I'd be ok with simple partial fix to the cleanup-after-exception problem. Instead of using setUp/tearDown or pushing the whole middle of the test method into a sub-method, just put the set_up_grid part into a small function so you can get it into the Deferred chain. Something like:
d = defer.succeed(None) def _start(ign): self.set_up_grid(num_servers=4) c0 = self.g.clients[0] c0.DEFAULT_ENCODING_PARAMETERS = { "k": 1, "happy": 4, "n": 4, "max_segment_size": 5, } self.c0 = c0 self.uris = {} DATA = "data" * 100 # 400/5 = 80 blocks return c0.upload(Data(DATA, convergence="")) d.addCallback(_start) def _do_check(ur): n = self.c0.create_node_from_uri(ur.uri) return n.check(Monitor(), verify=True) d.addCallback(_do_check)
Since the "critical region" where exceptions could cause problems doesn't start until after the ...checker.ValidatedReadBucketProxy = make_mock_VRBP line, it's good enough to just capture the first chunk of the code after that in a function which is run from within the Deferred chain. Any exceptions in set_up_grid or c0.upload (which are fairly big and complex) will still get caught, so the cleanup can happen.
comment:31 Changed at 2011-06-30T14:59:54Z by zooko
- Status changed from new to assigned
I'll modify the low-tech patcher approach (attachment:not-too-parallel-test-by-low-tech-patching.diff) to clean up in case of exception, like Brian suggested.

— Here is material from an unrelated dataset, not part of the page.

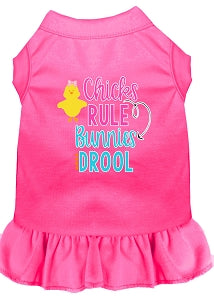 Chicks Rule Screen Print Dog Dress in Many Colors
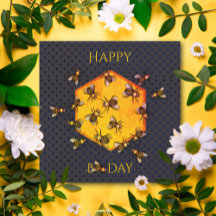 Happy B day Honey bees orange yellow fun birthday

Note that Michael Foord, author of mock.py, has proposed a patch for mock.py that would make it do everything we need. He just wants code-review and unit tests. See the mock.py ticket to help with that.
Once a version of mock.py is out with that functionality and we are willing to make Tahoe-LAFS depends on that version of mock then we can have the more succinct attachment:not-too-parallel-test-by-patching.diff style of mockery in our unit tests.

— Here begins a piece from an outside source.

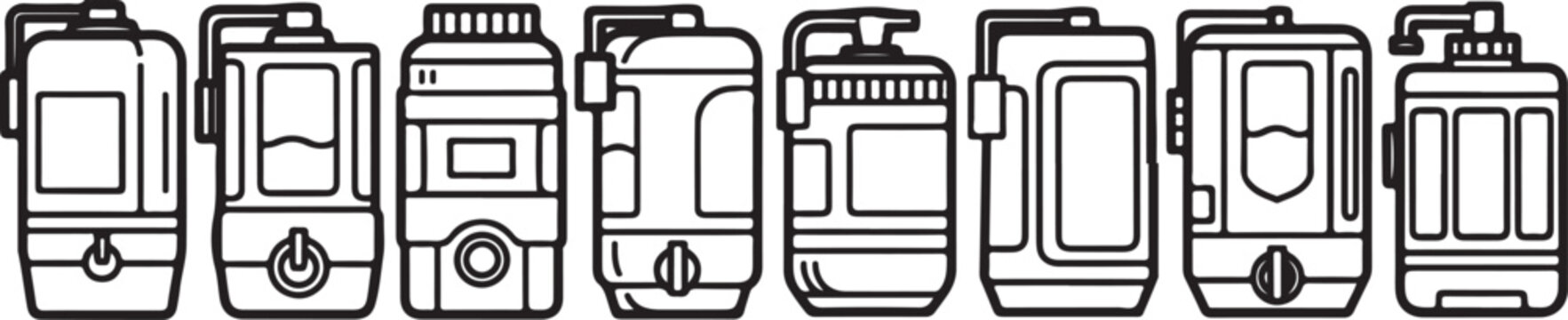 A line drawing of a series of eight different train locomotives Vector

comment:32 Changed at 2011-07-07T05:46:25Z by zooko
- Keywords test-needed added
- Status changed from assigned to new
comment:33 Changed at 2011-07-18T21:41:21Z by zooko
- Status changed from new to assigned
comment:34 Changed at 2011-08-02T06:44:56Z by zooko@…
- Resolution set to fixed
- Status changed from assigned to closed
In f426e82287c11b11:
comment:35 Changed at 2011-08-02T18:58:09Z by david-sarah@…
In 9f8d34e63aa1aeeb:
(The changeset message doesn't reference this ticket)

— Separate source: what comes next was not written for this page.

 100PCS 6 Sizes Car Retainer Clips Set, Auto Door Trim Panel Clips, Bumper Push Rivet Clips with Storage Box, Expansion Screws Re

comment:36 Changed at 2011-08-02T19:20:10Z by zooko
- Priority changed from major to critical
- Resolution fixed deleted
- Status changed from closed to reopened
comment:37 Changed at 2011-08-02T19:39:48Z by david-sarah@…
In c7f65ee8ad254f3f:
(The changeset message doesn't reference this ticket)
comment:38 Changed at 2011-08-02T20:59:40Z by davidsarah
- Resolution set to fixed
- Status changed from reopened to closed
c7f65ee8ad254f3f seems to have fixed the failures of allmydata.test.test_repairer.Verifier.test_corrupt_sharedata on the builders. (Some remaining nondeterministic failures are due to #1084.)
I suspect that this isn't specific to win32, although the limit on usable process address space for 32-bit Windows might be smaller than for other 32-bit platforms.
There was also an error while reporting the incident:
but it isn't clear whether that's due to the low-memory condition or an independent issue. 'wb' is a valid mode, so probably the path is incorrect. Does C:\tahoeclient\logs\incidents\ exist?